Yvonne milczała przez trzy sekundy i nie mogła powstrzymać się od narzekania: „Jeśli się nie mylę, ci dwaj to zabójcy z międzynarodowej organizacji zabójców Shadow. Złapali ich na posterunku policji. Jak to śmieszne?”
Młody człowiek bezradnie powiedział: „Uważam, że to bzdura, ale to fakt”.
„…”
Yvonne była zbyt wyczerpana, żeby narzekać na te bzdury. Pokręciła głową i zmieniła temat: „Zapomnij o tym, po prostu go złap. No cóż... skoro mnie złapaliście, ogłoszę nowinę z wyprzedzeniem. Chi, ja... wychodzę za mąż”.
"Co?"
Głos po drugiej stronie słuchawki nagle stał się głośniejszy, a Yvonne poczuła ból w bębenkach uszu.
Zdjęła słuchawki, potarła płatki uszu i założyła je z powrotem, krzycząc ze złością: „Mów ciszej, bo ogłuchnę”.
Ton mężczyzny zwanego Chi był pełen niedowierzania: „Naprawdę? Bierzesz ślub?

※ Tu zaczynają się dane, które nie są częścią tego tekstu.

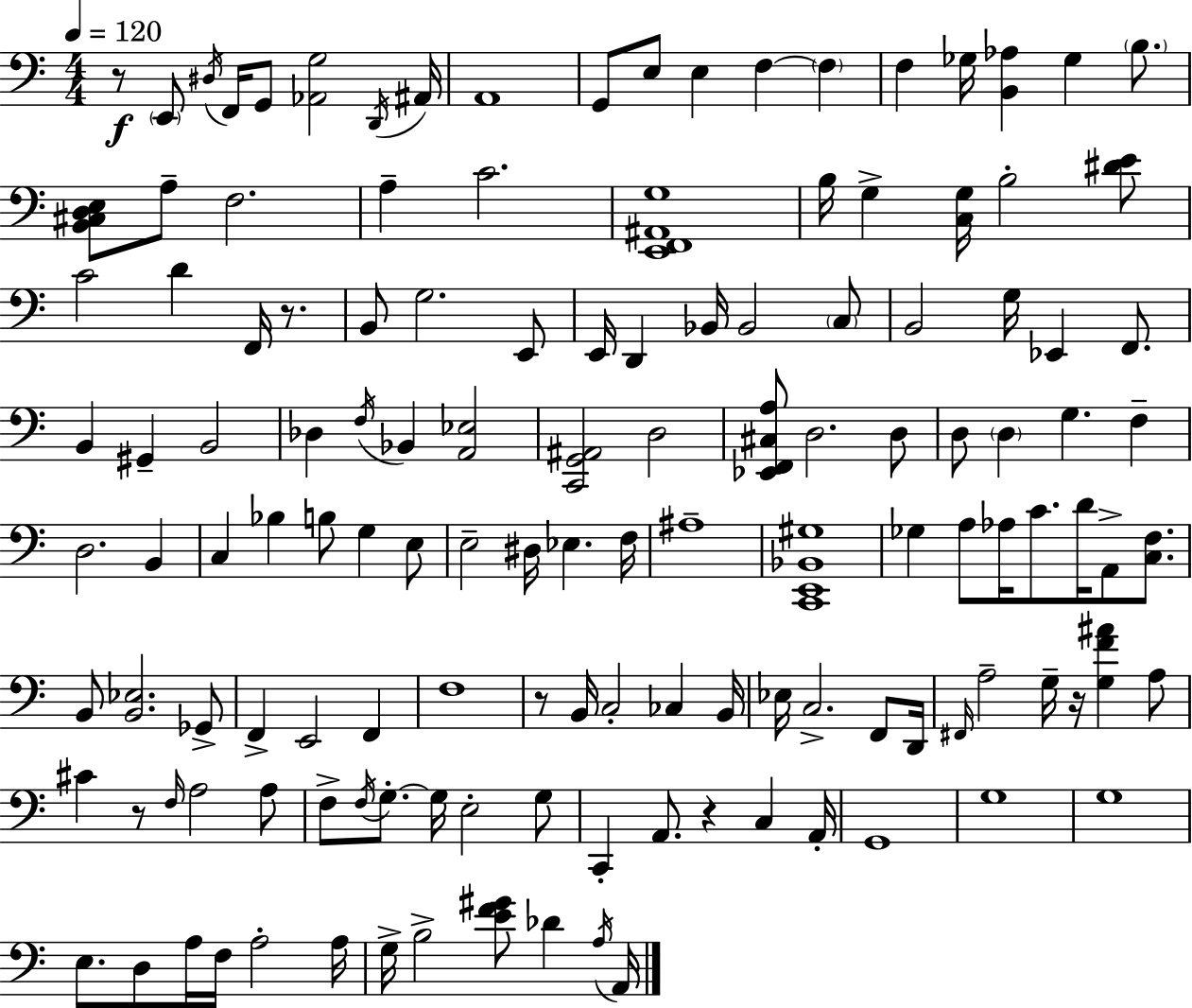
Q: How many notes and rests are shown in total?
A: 135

Naprawdę chcesz przejść na emeryturę?”
Yvonne nie odpowiedziała od razu.
Zmęczona oparła się o łóżko, podniosła rękę, żeby pomasować skroń, po czym westchnęła głęboko: „Jestem zmęczona”.

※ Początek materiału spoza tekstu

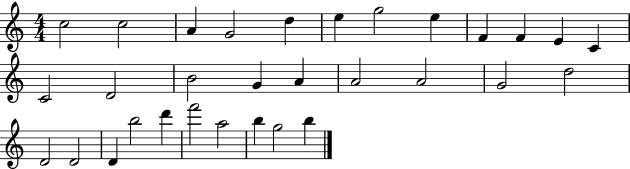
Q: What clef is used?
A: treble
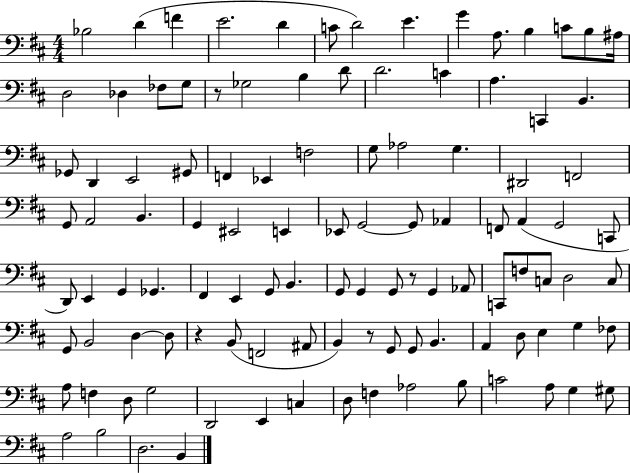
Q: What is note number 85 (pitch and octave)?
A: G3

Chi milczał przez długi czas, a w końcu powiedział słabo: „W takim razie życzę ci, żebyś zawsze mogła być zwyczajną osobą, Mei”.
Wkrótce w słuchawkach rozległ się dźwięk przerywanej rozmowy.
Yvonne powoli podniosła telefon, a na ekranie pojawiła się czysta, niewinna twarz.
Nikt nie mógł sobie wyobrazić, że za tą twarzą kryje się przerażające imię...
Agent-mistrz Agencji Bezpieczeństwa Narodowego, czarujący.